Schwarz-Weiß-Fotos von Sachse mit Farben von Incorvaia. Ziehen handkolorierte Fotos heute noch?

von Achim Manthey

Giacomo Incorvaia/Ekkehart Sachse, Miles Davies I, courtesy Galerie Stephen Hoffman

Mit rückwärts gewandten Fotobearbeitungen überrascht die Ausstellung "Photographische Inszenierungen" in der Galerie Stephen Hoffman in München.

Vor dem Aufkommen des Farbfilms war es eine eigenständige Kunstform in der Fotografie: Schwarz-Weiß-Aufnahmen wurden mit der Hand nachkoloriert, die spärlich eingesetzte Farbe sollte Akzente setzen, den Betrachter auf Details aufmerksam machen. Das ging häufig schief, weil die Fotografien ihren ursprünglichen Charakter verloren, ins Schwülstige, Lächerliche, Belanglose abglitten. Auch den in der Ausstellung gezeigten Arbeiten gelingt es nicht immer, die Grenzüberschreitung zum Kitsch zu vermeiden.

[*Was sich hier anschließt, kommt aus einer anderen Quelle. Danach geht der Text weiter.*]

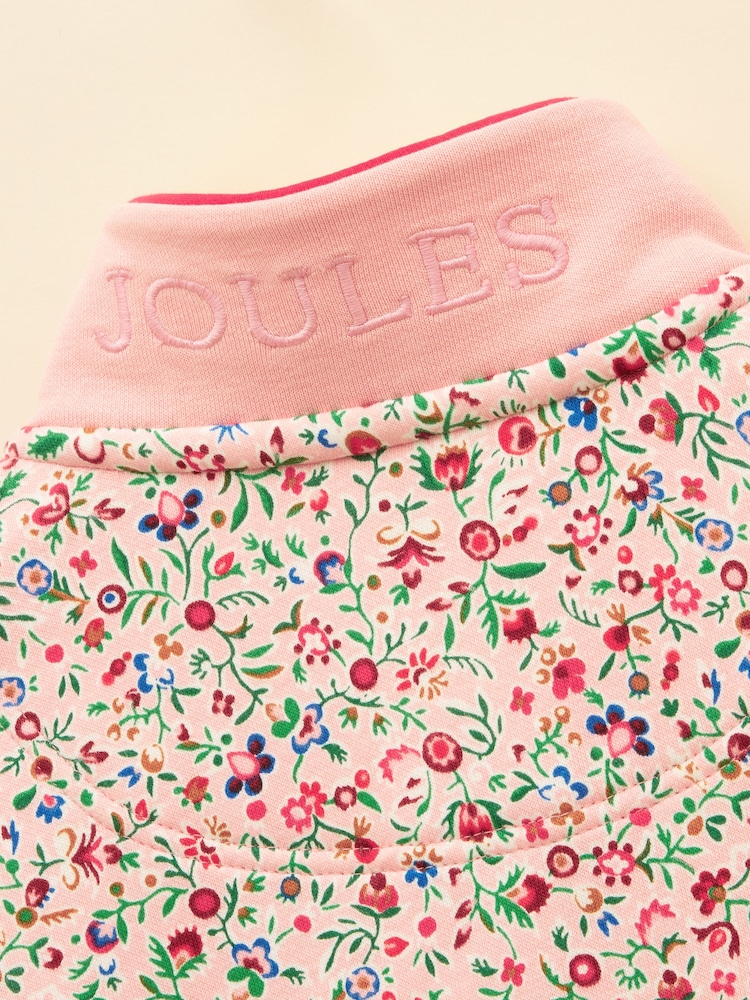 Joules Girls' Burnham Pink Floral Funnel Neck Sweatshirt - Image 5 of 5 Joules Girls' Burnham Pink Floral Funnel Neck Sweatshirt - Image 5 of 5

Grundlage sind Bilder des Pressefotografen Ekkehart Sachse, die in den Jahren 1966 bis 1969 von prominenten Musikern, Komponisten und Schauspielern entstanden. Sachse war über 40 Jahre lang als Fotoreporter für verschiedene Zeitschriften und Magazine auf der ganzen Welt unterwegs. 1966/67 gewann er mit einem in Hamburg entstandenen Portrait des amerikanischen Schriftstellers und Bürgerrechtlers James A. Baldwin den ersten Preis beim World Press Award.  Aus seinem reichhaltigen Archiv stellte er dem in Deutschland lebenden italienischen Fotografen und Maler Gioacomo Incorvaia eine Auswahl von Motiven zur Verfügung.

Für die Kolorierungen verwendet Incorvaia spezielle, in Farblaboratorien entwickelte Fotofarben, die mit von ihm selbst angefertigten Pinseln aufgetragen werden. Da die Bearbeitung nicht am Computer, sondern unmittelbar an den Abzügen der Fotos erfolgt, entstehen Unikate. Durch die Bearbeitungen will Incorvaia die fotografischen Zeitdokumente den heutigen Sehgewohnheiten anpassen, sie künstlerisch aufpeppen und und für die Gegenwart erhalten.

Miles Davies als Trompetenengel. Durch die sehr vorsichtige Kolorierung, bei der nur der grell pinkfarbene Schal sofort ins Auge springt, erhält das Bild eine neue Dynamik, die sich allerdings bei weiteren Aufnahmen dieses Musikers durch wiederum übertriebene Farbgebungen verliert. Auch eine Studioaufnahme, die den Komponisten Igor Stravinski zeigt, beeindruckt. Sanft nachkoloriert ist auf dem Bild lediglich das Mikrofon im Aufnahmeraum. Der sehr ernsthafte Musikarbeiter bleibt prägend.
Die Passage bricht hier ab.